A family sticks together
The other thing which really struck me is how so many described A.A. as family. It was in A.A. that they felt connected to like-minded people. It was there that they found acceptance. It was there that they were able to share their sorrows, struggles, triumphs and joys. It was there that they found fellowship.
But wait a minute. Isn’t the church supposed to be a family? After all, Christians are described as “children of God” (Romans 8:16, Philippians 2:15, etc.). As members of God’s “household” (Philippians 2:19) why have we forgotten that in a household or family there is not only a relationship between child and parent but also between children? Why do we act as though we are an only child? It is tragic that members of the family which should have the strongest bonds of all have to look elsewhere for fellowship.
Am I suggesting that the church ought to become like A.A.? Not at all. However I am suggesting that the reason A.A. is effective is that it, whether deliberately or inadvertently, adopted many of the principles and characteristics which made the early church effective. It’s high time that we got back into our New Testaments to discover those principles and characteristics and put them into practice.

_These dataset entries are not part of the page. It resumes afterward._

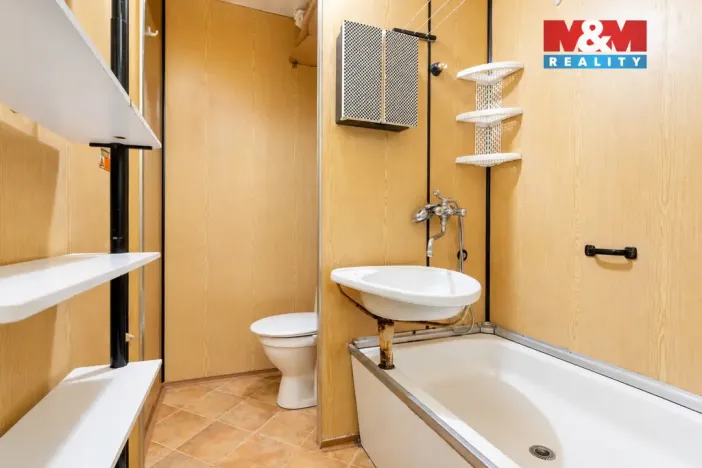 Prodej bytu 1+kk, Karlovy Vary - Rybáře, Konečná, 24 m2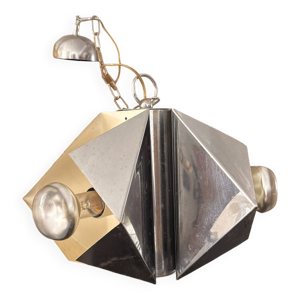 Ancien Lustre Suspension - space age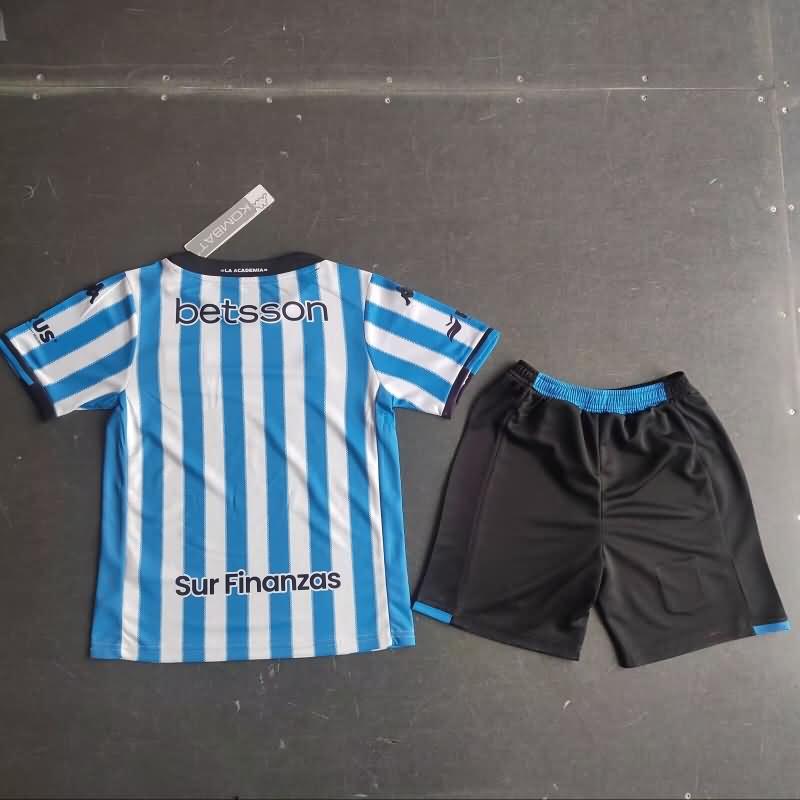 Kids Racing Soccer Jersey Home Replica 24/25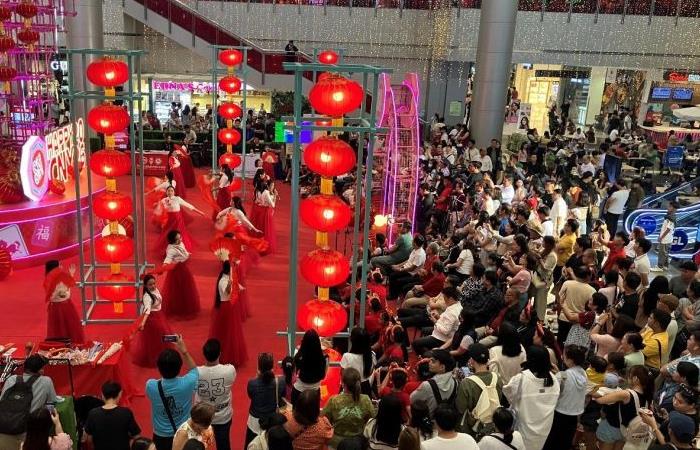 菲律宾红溪礼示大学孔子学院举办春节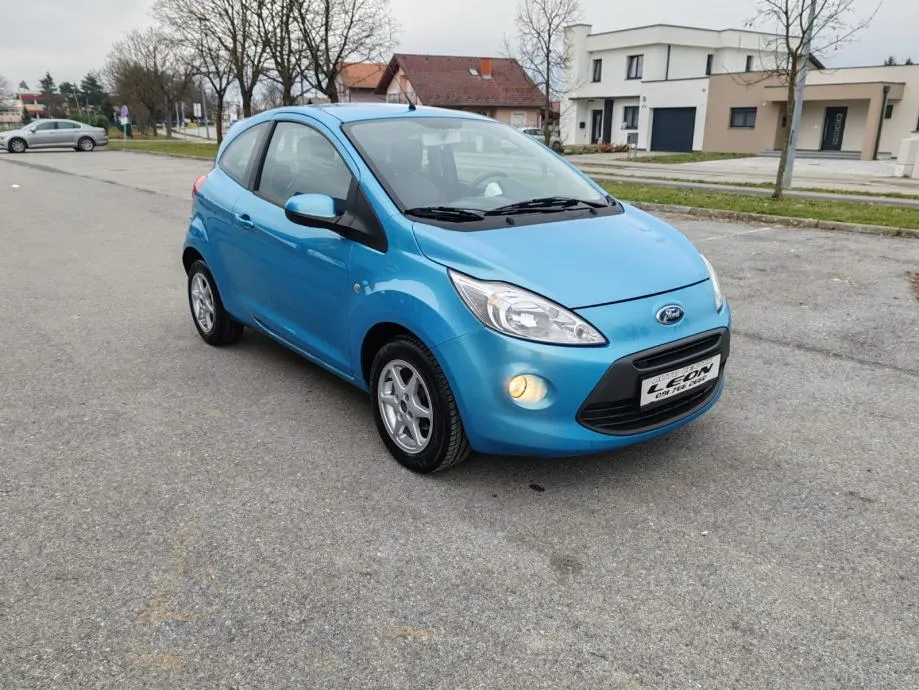 ford ka 1,2 139000 km, 2009g. kartice do 36 rata - slika 3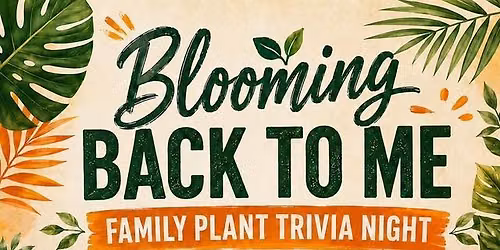 Tropical Trivia Hosted by Blooming Back to Me Plants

We read this description of the first Christians: “They devoted themselves to the apostles’ teaching and to the fellowship, to the breaking of bread and to prayer.” (Acts 2:42 NIV) Among the churches with which I am familiar, there’s room for a lot of improvement in all four of those areas. But especially in the area of fellowship. Fellowship is far more than a few minutes of superficial chit-chat before or after the church service. It means spending time with one another. It means becoming vulnerable to one another. It means being available. It means showing hospitality. It means taking an active and genuine interest in each other. It means putting the welfare of our spiritual family members ahead of our own. It means going out of our way to help each other. It means befriending each other. And, when we learn to act as a family; when the church rediscovers its roots, the need for A.A. and the other 12-step programs will go away.